Tuesday, March 31, 2020

Bread

Bittercress
Today was brought to me by the letter A: anxiety. I can trace back to the triggering moment during the workday when I felt like I had taken on more responsibility for something than was called for. I blamed myself that important updates to our website had not been made, which seemed to be causing an issue for my supervisor. In times of stress, I want everything to be perfect. I want control. A few chat messages from my supervisor about the situation followed by what I perceived to be radio silence on her end after I asked what I could do sent me spiraling into the abyss of worst-case scenarios.

During a stress response like this one, it's even difficult to put cogent thoughts together. All of my wires cross. Tasks I can normally perform with ease become arduous. For example, I walked at lunch and saw these tiny, wiry flowers poking out of the grass. They're pretty common in yards in spring. It took me 20 minutes to remember what they were: bittercresses. Such a little thing causing me such huge stress. Pandemic days have challenged my coping skills, but I knew I had one non-pharmacological intervention to which to look forward after work: fresh bread.
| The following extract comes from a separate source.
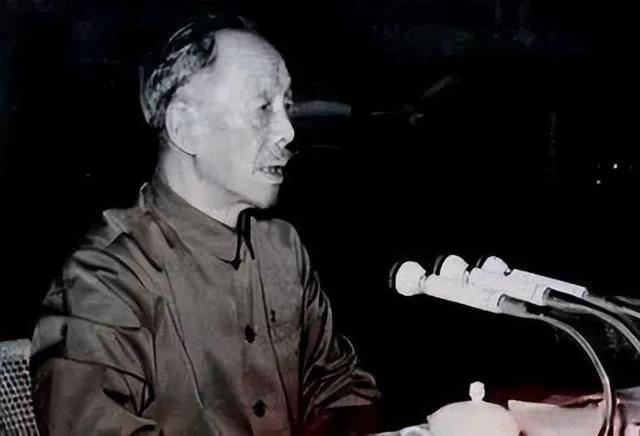75年康生临终前,坐救护车求见周总理,揭发江青:她历史上有问题 - 知乎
Easiest Beer Bread Ever! Yuengling Black & Tan all the way.
A friend shared a recipe for "the easiest beer bread ever" on her Facebook page. I'm usually skeptical of hyperbole, but when I opened the recipe, it seemed easy enough and without any weird steps or ingredients. What's not to love about a recipe that says to make sure you pour all of the butter over the dough before placing it in the oven? Beer is second to butter in my world. It came out perfectly and complemented the butternut squash and black bean chili I had made.
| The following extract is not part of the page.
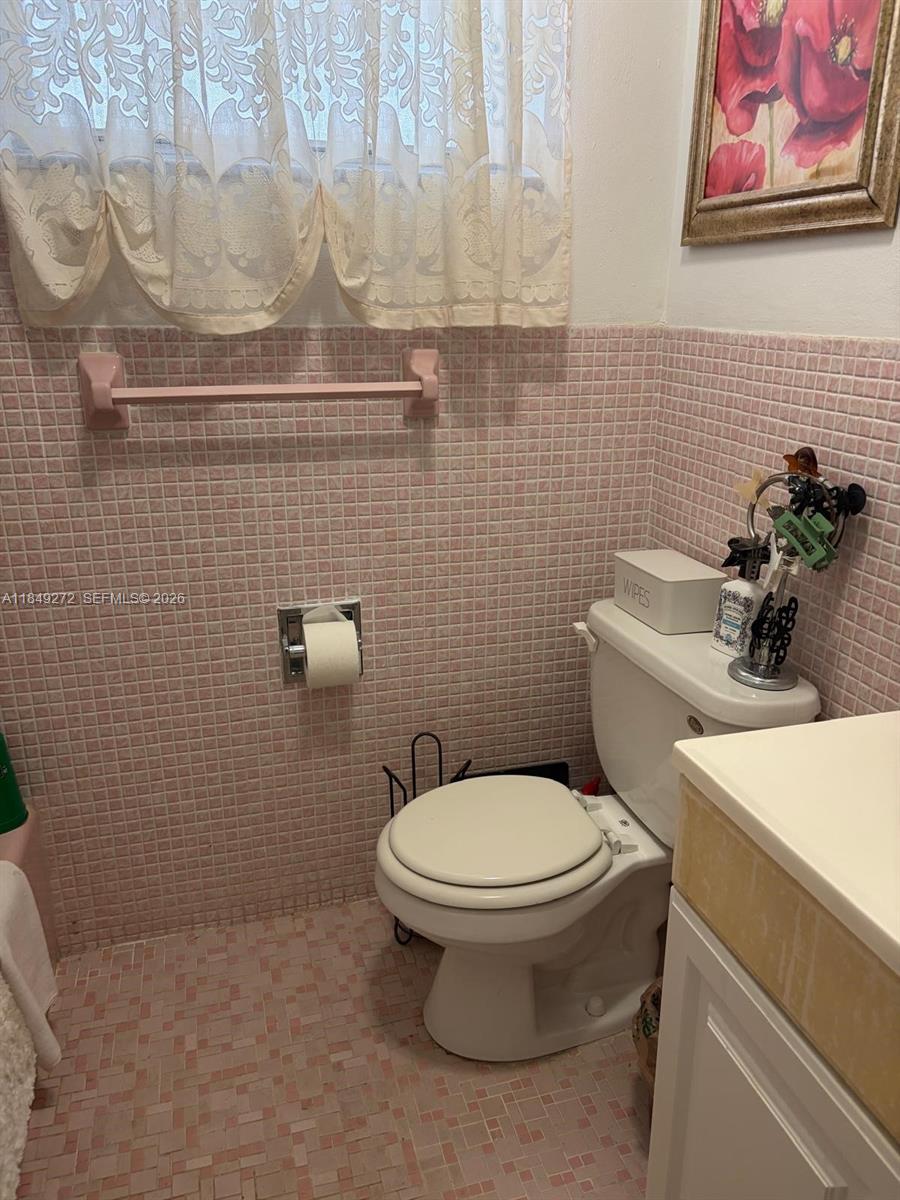 FIRST GULFSTREAM GARDEN - Residential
Bread is life, really. Taking comfort in a warm, homemade loaf has been baked in our DNA since we humans discovered how to harness the power of flour, yeast, and heat. Sometimes when I am anxious, walking on the earth calms me down. Tonight, eating an elemental grain of the earth (with butter!) brought a bit of peace at the end of an internally chaotic day. I miss breaking bread with other people. I miss being able to cook so I can share it with others. I long for these days again, as I long for so many other things.